So I’ve been using Linux since college, when I was introduced to Red Hat on the high energy physics servers once I was a research assistant. It was a little bit of a learning curve but I’ve mostly been using Linux ever since and haven’t had any regrets except for the six months I was dealing with broken Gentoo installs in the 00s.

Seriously, what was I even thinking?

Even while being a power use of Linux for years now, I’ve largely used a mix of cli and full gui applications with the trend—like most people I think—of more and more of the services I use being in-browser, so that my browser becomes like a remote desktop into some different distibuted OS.

That’s been changing since I started using a raspberry pi3 as a home server for various things: for awhile there it was our media server for watching movies, streaming Twitch, &c. with a janky mess of custom servers and scripts tying together existing projects to work the way I wanted. For example, the interface was a simple web page we could visit on our phones that included a dedicated button to play this video:

https://www.youtube.com/watch?v=wNARPPnJrMM

As I’ve mentioned in previous posts, I’m spending a lot of time on the small internet: especially pubnixes like rawtext.club.

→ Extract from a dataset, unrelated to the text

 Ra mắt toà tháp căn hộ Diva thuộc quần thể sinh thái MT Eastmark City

This means I’ve been having to do a lot of things only through the command line, even things that I hadn’t thought of before like reading e-books, chatting, or maintaining & browsing collections of links.

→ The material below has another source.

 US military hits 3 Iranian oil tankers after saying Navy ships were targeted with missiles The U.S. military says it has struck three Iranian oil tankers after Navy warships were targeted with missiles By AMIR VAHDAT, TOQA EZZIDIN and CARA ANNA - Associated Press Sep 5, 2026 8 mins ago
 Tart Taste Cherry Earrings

This, combined with the fact that I want to stop handing kids locked down chromebooks as devices, has gotten me thinking a lot about the nature of most commandline tools as smaller, simpler, and more efficient & whether that can buy us something about giving kids the ability to work on lower-power but affordable computers that still let them control the machines.

So I’ve been experimenting on my own with how much I can do from the command line, even working in the virtual terminals on my Linux laptop (accessible via ctrl-alt-f# for distro dependent numbers) so that I’m not tempted to jump into the gui.

I’ll talk more about it as a experience for low-powered machines once I’ve got this old acer aspire one netbook repaird, but for now I want to talk about it from the perspective of being a brain-weird person with a lot of executive dysfunction problems.

I tweeted

https://twitter.com/ClarissaAdjoint/status/1300162870739521536

recently about why I don’t like IDEs, as I was trying to reflect about what it is that bothers me about them. It’s the noise! Visual noise, I mean. I’ve been realizing that I have a lot of trouble with anything that has a lot of tabs, lots of data being displayed at once, lots of overhead. You might think that having it all right there would make it better than keeping things in your head but it’s actually far simpler to me to know shortcuts and a bunch of seperate things like the ways emacs handles buffers, where I’m only looking at one at a time. Now, before anyone feels the need to defend their habits & tools let me be clear that I’m talking about myself & what I notice about how I work, not making a general statement about what is objectively good or bad, were such a thing even possible.

I’ve been using more cli programs to interact with services like discord, twitter, &c. because it turns out that doing so is just fundamentally easier for me. There’s less visual noise, less thinking about the inteface, and less color and movement that breaks my attention.

Even now, I’m using something even more minimalistic to write this post than emacs: wordgrinder

http://cowlark.com/wordgrinder/index.html

which I’ve grown to love. I even forked it so I can add little features I’ve been finding myself needing for blog writing, the first of which was .gmi export:

https://github.com/clarissalittler/wordgrinder

and using wordgrinder in TTY mode is, well, strangely calming. I feel like there’s a mental clutter that I’d gotten used to that isn’t there anymore.

Similarly, I’ve moved to using alpine for handling my email and turning off all notifications on my other devices. I find that I can even read through mailing lists that were overwhelming to take in if I just live in a virtual terminal, set my console colors to something easy on the eyes, and use alpine.

I feel like I can’t be the only one like this, can I? Someone for whom modern applications & services just feel like they put a pressure in your head that makes it harder to think?

In these pandemic times so much of my ability to socialize is online but through a set of services that each make it hard for me to think and respond. The more I’ve been able to move communications to the command line the easier it’s getting to respond to everything and keep track of it all. It’s also making me resentful over the services I can’t, like my rant about fb messenger here

https://twitter.com/ClarissaAdjoint/status/1300486855972929536

https://twitter.com/ClarissaAdjoint/status/1300490104423608320

One of the other things I’ve been noticing since hanging out on rawtext.club is that command line tools really are easier to combine with each other & that plain text really is a great way to make programs talk to each other in flexible ways. I’d heard that ever since I first started using Linux, but I didn’t really grasp it til the past few months. As such I’ve been getting more frustrated with things that don’t work the way I want them to and aren’t easily customizable.

Maybe it’s the mood of the pandemic getting to me but I’ve been feeling closed in by the software and services of the modern web and the closed gardens of Android or Apple. In wanting something better, I think we could do a lot worse than turning to the ideas that worked decades ago. Maybe we can’t completely participate in the commercial web through clever, stripped down cli tools, but maybe we can at least make more of it on our own terms and take back some of our work from the cloud.